Yes, one of your employer’s main duties is to ensure you have a safe working environment, they need to take all necessary steps to ensure the job you’re about to do does not put you at obvious risk.

It’s obvious that some jobs have a high degree of risk involved but everything reasonably practicable needs to be done to ensure you are not setting yourself up for an accident.

Do self-employed people need risk assessments?

Yes, risk assessments don’t just apply to employers. If you’re a self-employed person then a risk assessment needs to be carried out to identify the health and safety risks involved in your work. It’s a legal requirement that all self-employed people must adhere to.

Who can write a risk assessment?

Employers and self-employed people are responsible for the health and safety of their respective businesses; this means the task is ultimately theirs. However, the task of creating a risk assessment can be delegated to another member of staff. In most cases, this would be someone who is competent and has an understanding of health and safety in a working environment.

Do you need any specific training to carry out a risk assessment?

No, the task of carrying out a risk assessment does not require any special training or qualification. However, the person being appointed to carry out the risk assessment or the “competent person” should possess the necessary knowledge, experience and skills required to effectively identify potential hazards.

Five steps to an effective risk assessment

Assessing the risks in a workplace environment is all but essential in guaranteeing the safety and security of all those that may be involved in daily operations. Thankfully, there are five concise and logical ways to help mitigate any such workplace risks.

Step One: Identify any Hazards

This will entirely depend upon the specific environment. Risks can include:

  • Machinery with moving parts.
  • Electrical devices.
  • Slippery floors.
  • Inadequate lighting.

Step Two: Who is at risk and how can they be harmed?

The best way to minimise risk is to identify those that may be directly in harm’s way. This should include employees, visitors and even pedestrians or other third parties that may be passing through.

Secondly, the type of harm they may encounter is also critical to appreciate. Slipping, falling or injury due to exposure to dangerous machinery are but a few examples.

Step Three: Risk evaluation and necessary precautions

The chances of each risk should be carefully considered. How likely is a certain event to occur? It is only after such an evaluation can the necessary precautionary steps be taken.

Such steps can include moving dangerous machinery to areas with less foot traffic, improving lighting conditions or installing non-slip flooring.
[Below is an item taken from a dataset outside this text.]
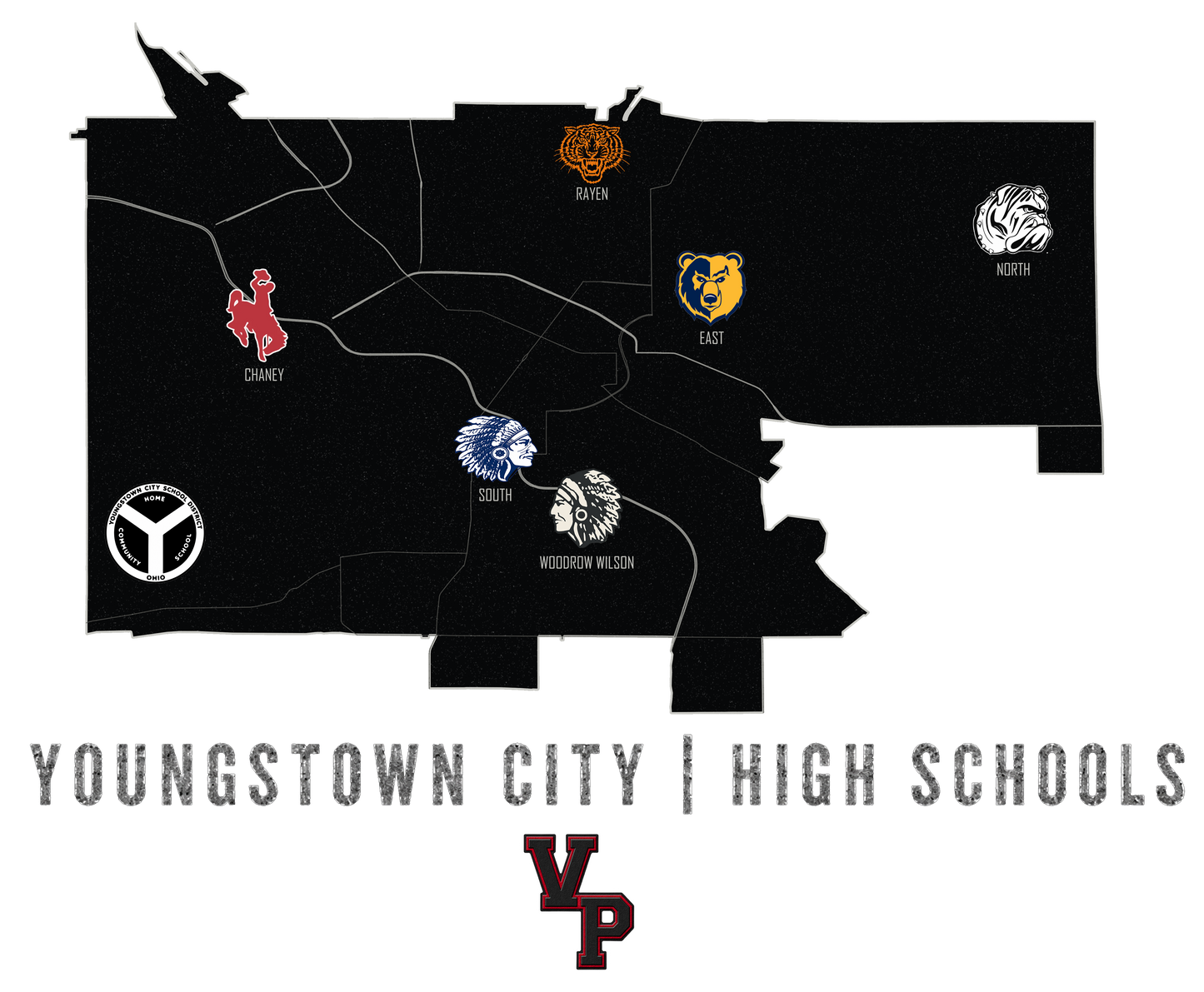 The Vantage Point "Youngstown City High Schools" Exclusive T Shirt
Step Four: Recording and implementation

All findings should be recorded and centrally stored so that others will have easy access to them when the need arises. There are numerous software packages available that will enable all colleagues and stakeholders to examine the findings and take appropriate actions to help prevent potential accidents.

Step Five: Assessment and review

There are few workplaces that remain static in reference to safety and health hazards. For example, construction sites will present varying degrees of risk depending on the specific job.
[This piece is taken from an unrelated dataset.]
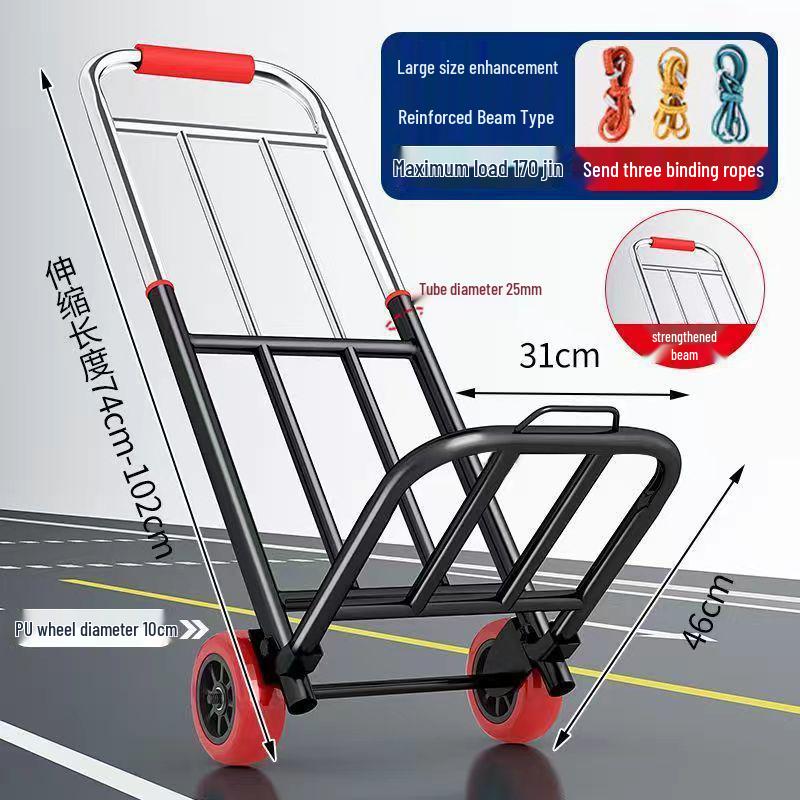 Magic Portable Folding Hand Truck Cart for Shopping and Luggage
Therefore, it is important to conduct comprehensive reviews of the aforementioned assessments when necessary. Time periods between reviews will naturally vary; an office environment may only require a bi-annual review while a work site may need to perform such reviews monthly.

These are the five most important steps that need to be undertaken in a thorough risk assessment. Adhering to these steps will help assure that all personnel involved are adequately prepared and educated in regard to any health and safety risks that may exist.